Dieser Müll steht ihr gut! Alice Francis, die man „First Lady des Electroswings“ nennt, protestiert mit Mode aus Abfall gegen die Verschwendung von Ressourcen. Sarah Tröster hat die Sängerin in Stuttgart voller Erotik in Szene gesetzt.

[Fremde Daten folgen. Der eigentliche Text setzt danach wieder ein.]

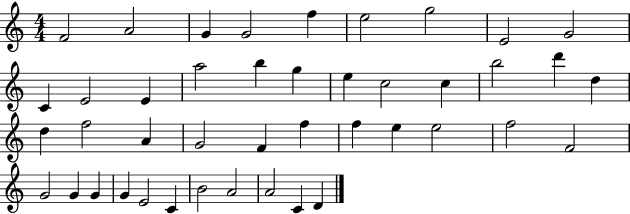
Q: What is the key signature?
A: C major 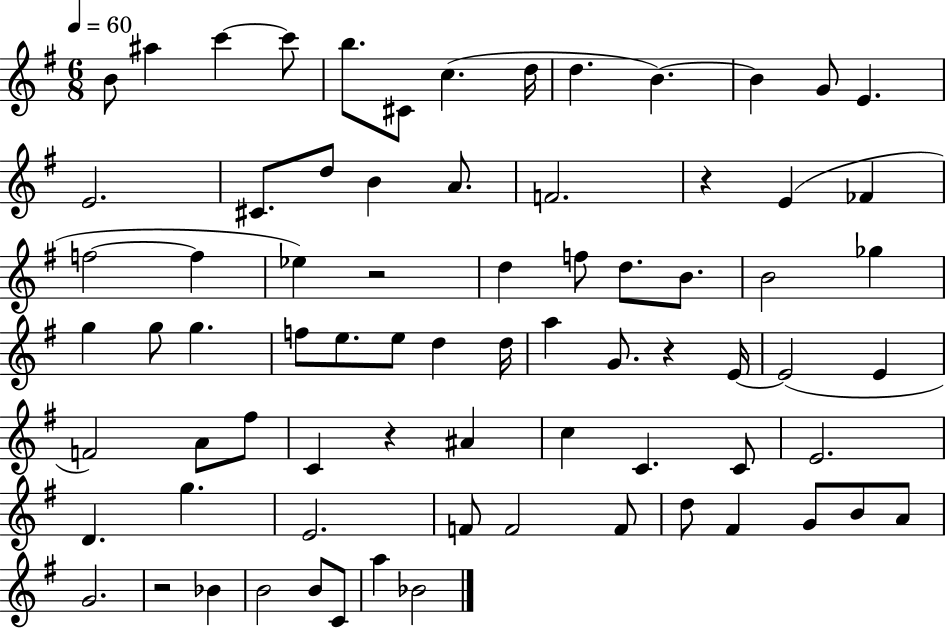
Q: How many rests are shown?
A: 5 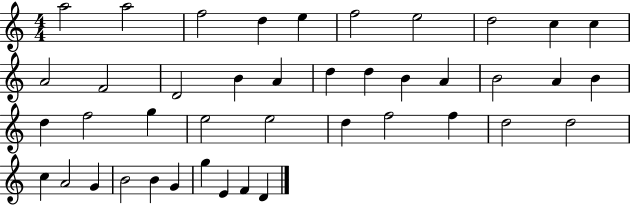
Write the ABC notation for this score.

X:1
T:Untitled
M:4/4
L:1/4
K:C
a2 a2 f2 d e f2 e2 d2 c c A2 F2 D2 B A d d B A B2 A B d f2 g e2 e2 d f2 f d2 d2 c A2 G B2 B G g E F D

Stadtleben/Stadtkultur: Uwe Bogen (ubo)

Stuttgart - Plastik, alte Handys, Elektroschrott, Kronkorken, Zigarettenkippen, Verpackungswahnsinn. Die Menschheit müllt sich zu.

 

Wann geht uns darin die Luft aus? Die abwechselnd in Köln und Berlin lebende Sängerin Alice Francis, Tochter einer Rumänin und eines Tansaniers, leidet unter der Wegwerferitis und Selbstzerstörung von viel zu vielen. Mit der Stuttgarter Fotografin Sarah Tröster hat sie einen Protestkalender gemacht, der nicht aufs Schockieren setzt. Die beiden Frauen sind viel raffinierter und deshalb zu Recht für den Gregor Award nominiert, der am 23. Januar bei der Stuttgarter Kalenderschau im Haus der Wirtschaft verliehen wird. Mit Erotik und Glamour ziehen die charismatische Musikerin und die Fotokünstlerin, die ihre Werke wie Gemälde inszeniert, die Betrachter in ihre großartigen Bilder hinein.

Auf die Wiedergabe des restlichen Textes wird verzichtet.